(Exercise aim) From the listing below, restate word for word the lines from the line containing "an aerial view" down through the line containing "Lit black Clérachic". Exclude pictures.

BEGIN Material supplied

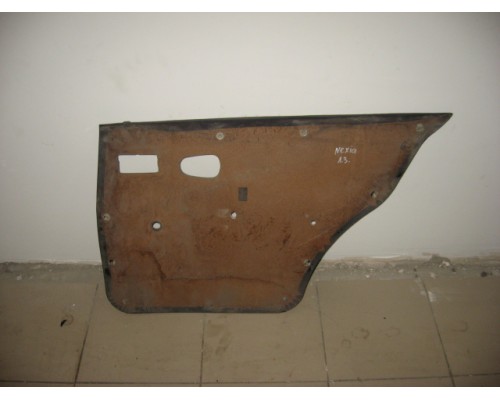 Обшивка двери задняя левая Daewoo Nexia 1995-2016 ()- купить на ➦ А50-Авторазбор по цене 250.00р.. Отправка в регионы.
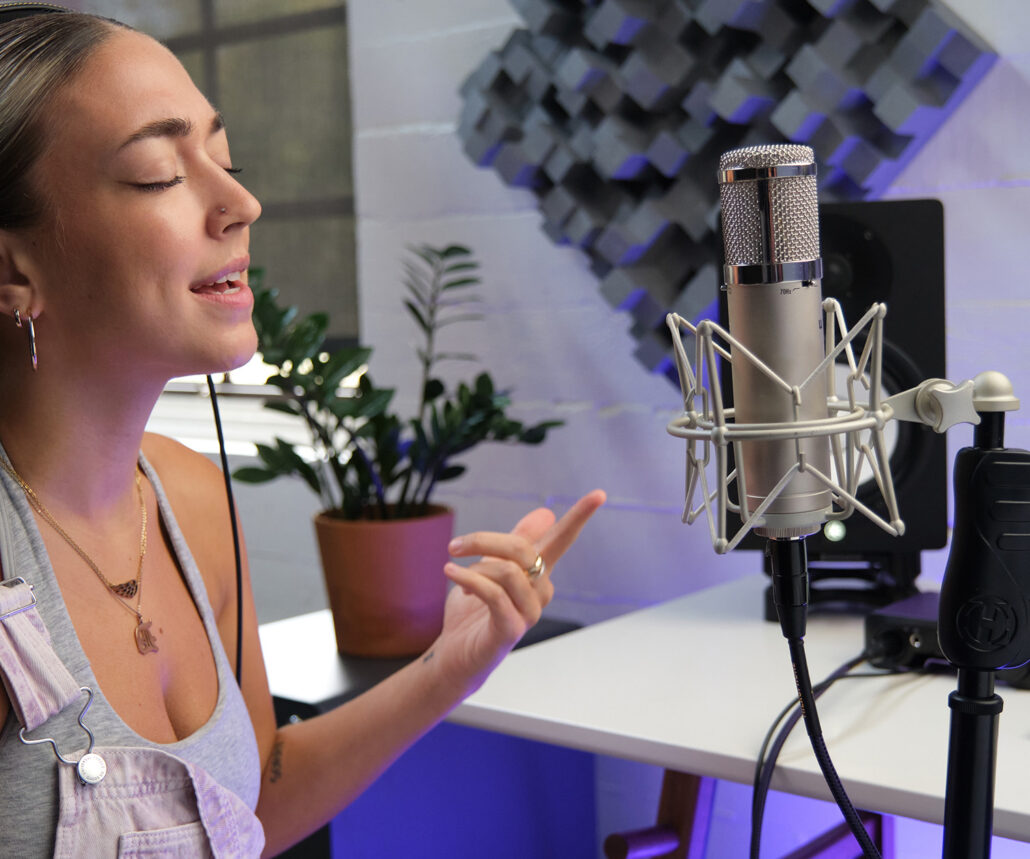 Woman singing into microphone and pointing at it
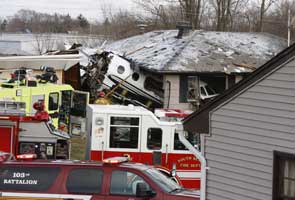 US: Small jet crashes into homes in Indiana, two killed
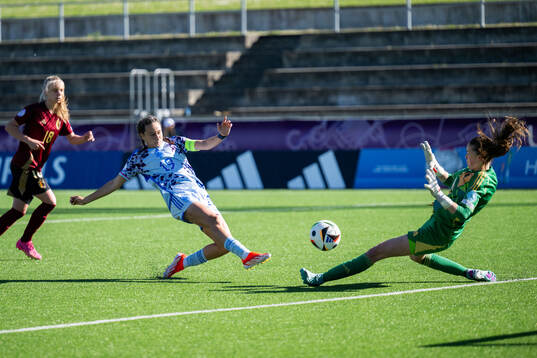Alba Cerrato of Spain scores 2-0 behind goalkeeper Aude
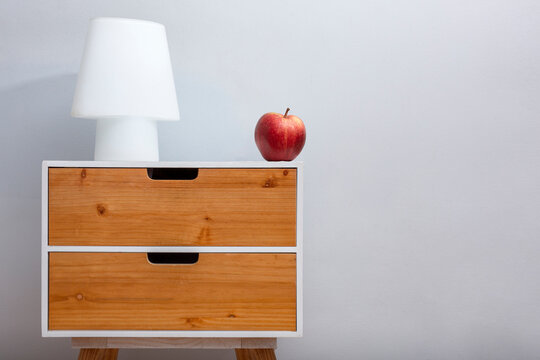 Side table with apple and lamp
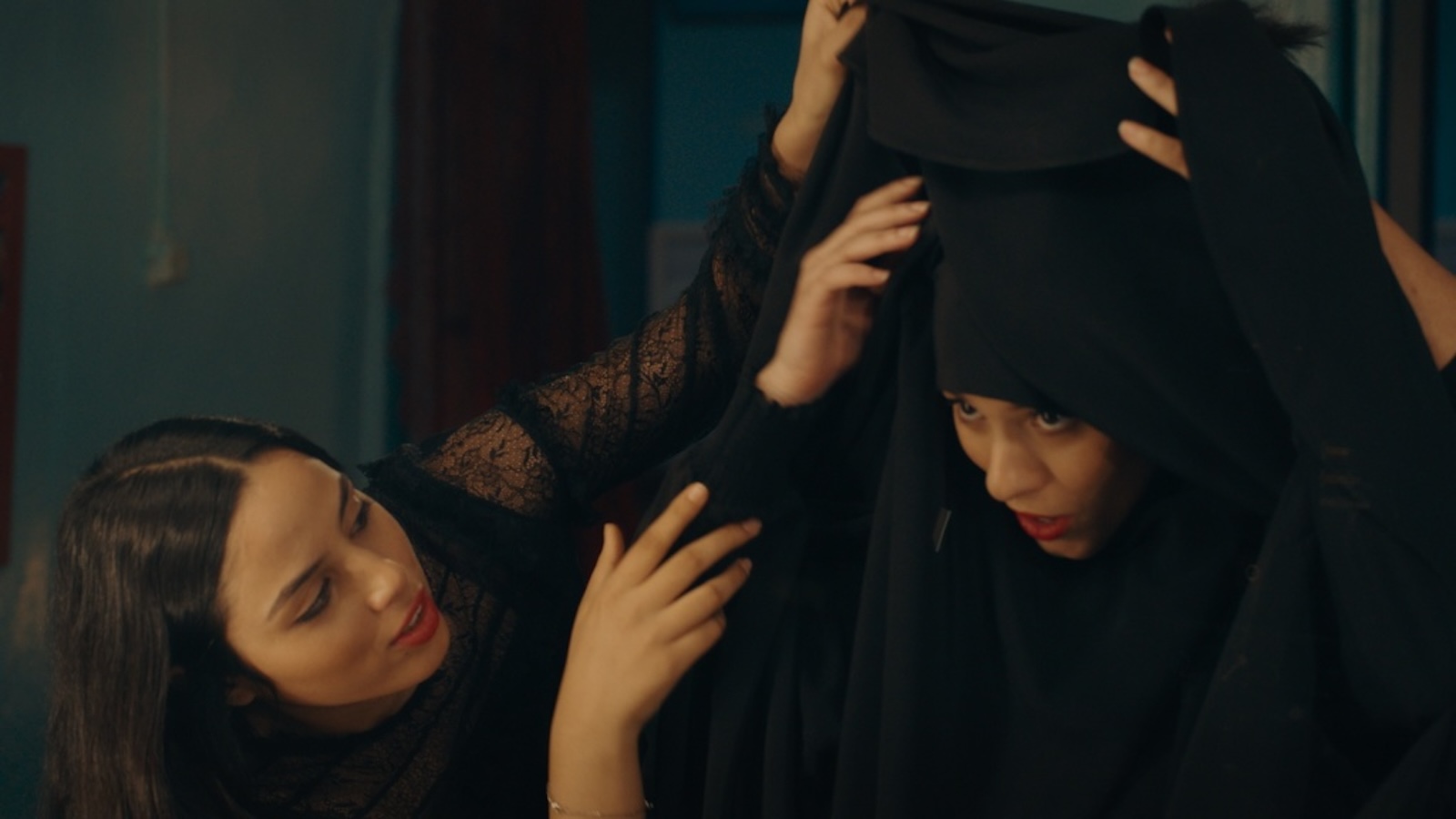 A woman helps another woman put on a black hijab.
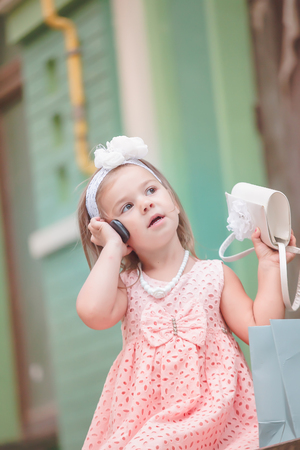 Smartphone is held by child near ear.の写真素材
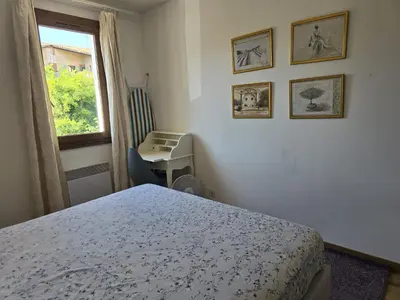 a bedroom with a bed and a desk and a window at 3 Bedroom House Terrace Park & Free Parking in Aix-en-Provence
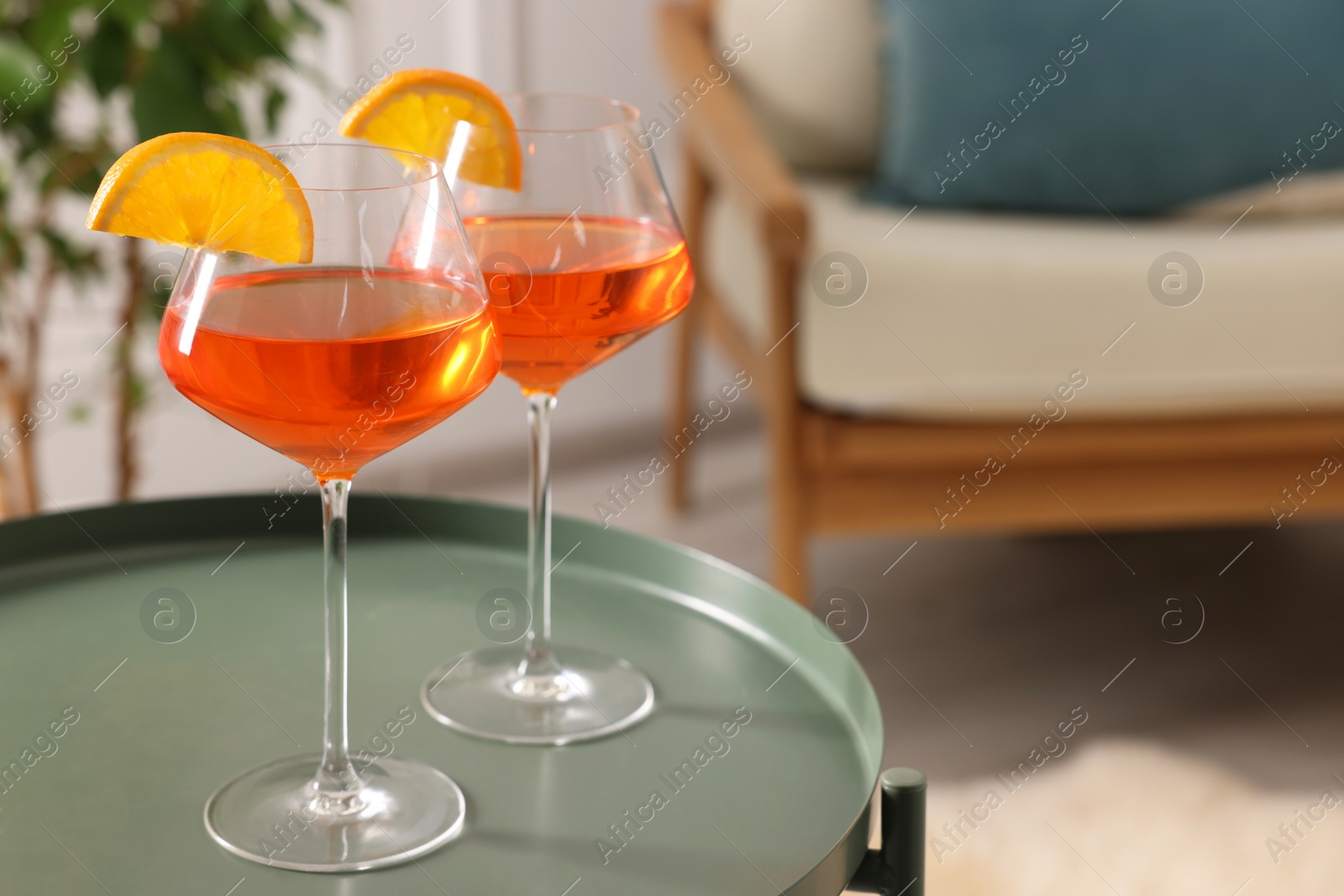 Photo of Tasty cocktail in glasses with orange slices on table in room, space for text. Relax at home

END Material supplied
BEGIN Material supplied

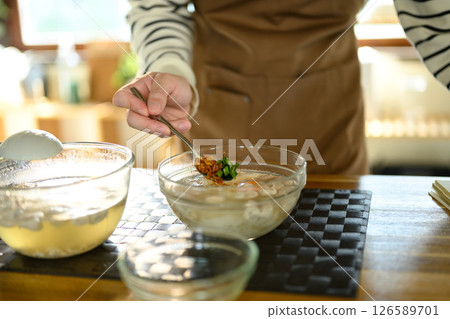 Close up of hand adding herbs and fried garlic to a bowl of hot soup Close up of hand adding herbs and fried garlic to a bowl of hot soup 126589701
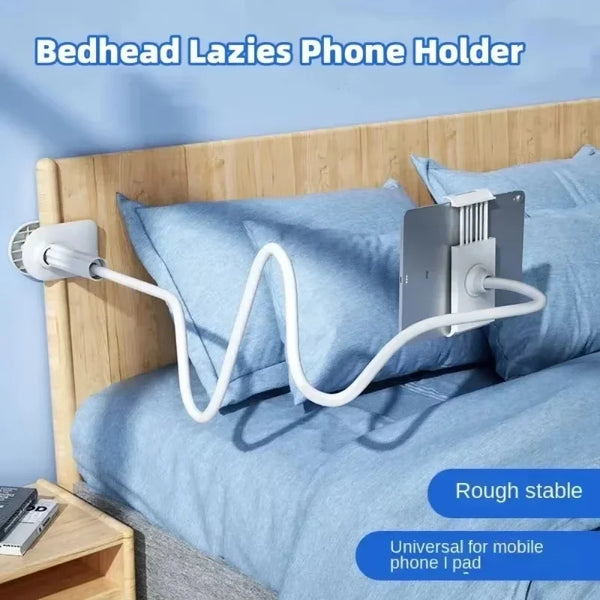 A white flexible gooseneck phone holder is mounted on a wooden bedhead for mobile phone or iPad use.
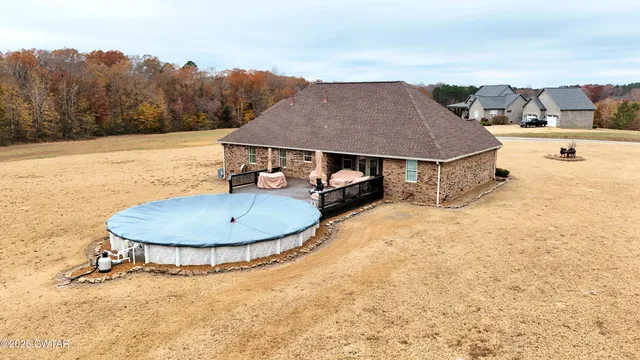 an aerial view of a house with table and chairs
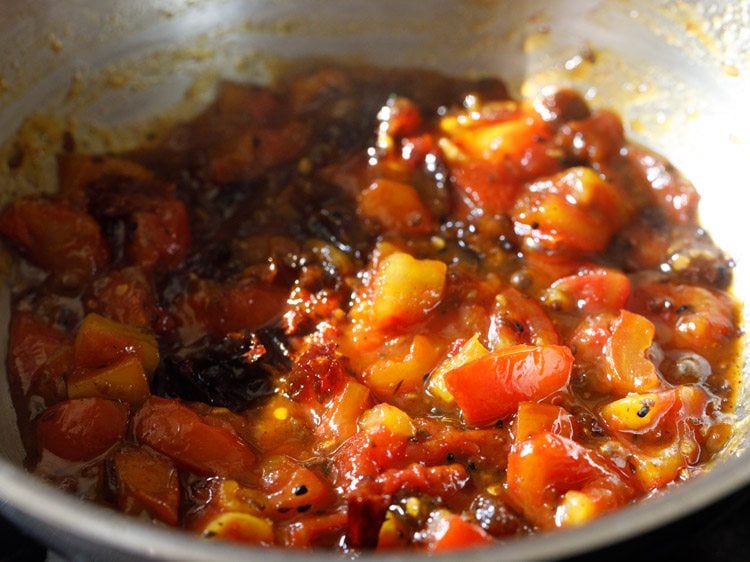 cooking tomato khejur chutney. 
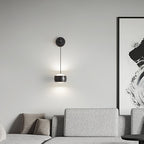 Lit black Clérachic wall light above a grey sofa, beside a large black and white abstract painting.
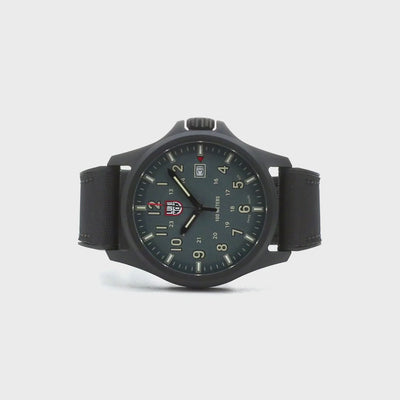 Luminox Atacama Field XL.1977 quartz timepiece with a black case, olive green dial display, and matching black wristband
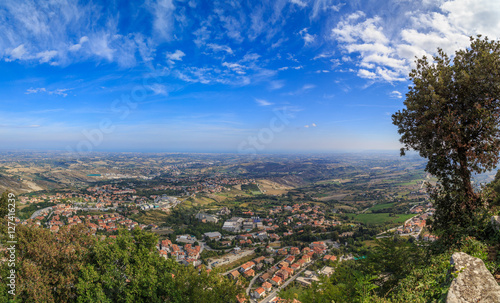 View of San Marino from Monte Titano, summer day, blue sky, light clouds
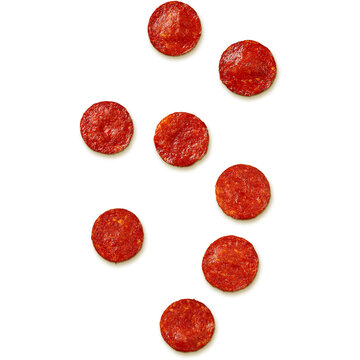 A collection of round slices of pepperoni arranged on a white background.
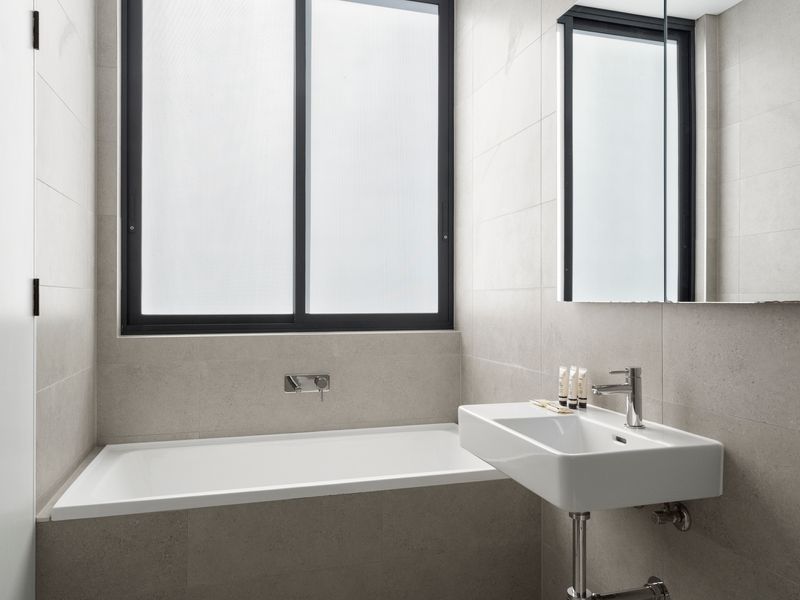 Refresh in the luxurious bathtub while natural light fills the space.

END Material supplied
BEGIN Material supplied

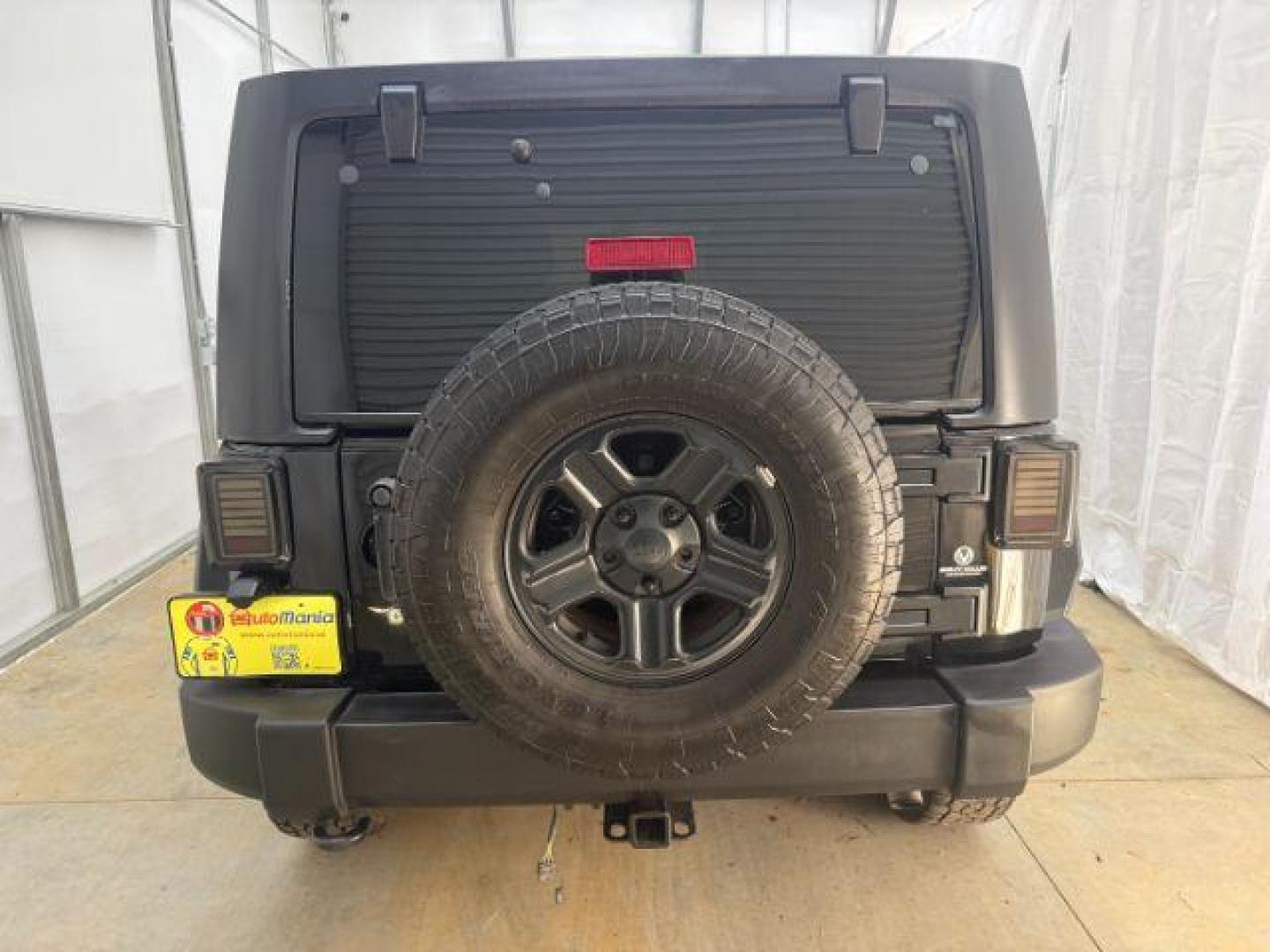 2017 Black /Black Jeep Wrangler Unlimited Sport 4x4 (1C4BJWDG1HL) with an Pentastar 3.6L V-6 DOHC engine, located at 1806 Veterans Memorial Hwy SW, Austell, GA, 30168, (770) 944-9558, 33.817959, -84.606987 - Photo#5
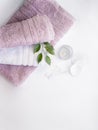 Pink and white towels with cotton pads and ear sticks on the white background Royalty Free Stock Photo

END Material supplied

(Result)
 an aerial view of a house with table and chairs
 cooking tomato khejur chutney. 
 Lit black Clérachic wall light above a grey sofa, beside a large black and white abstract painting.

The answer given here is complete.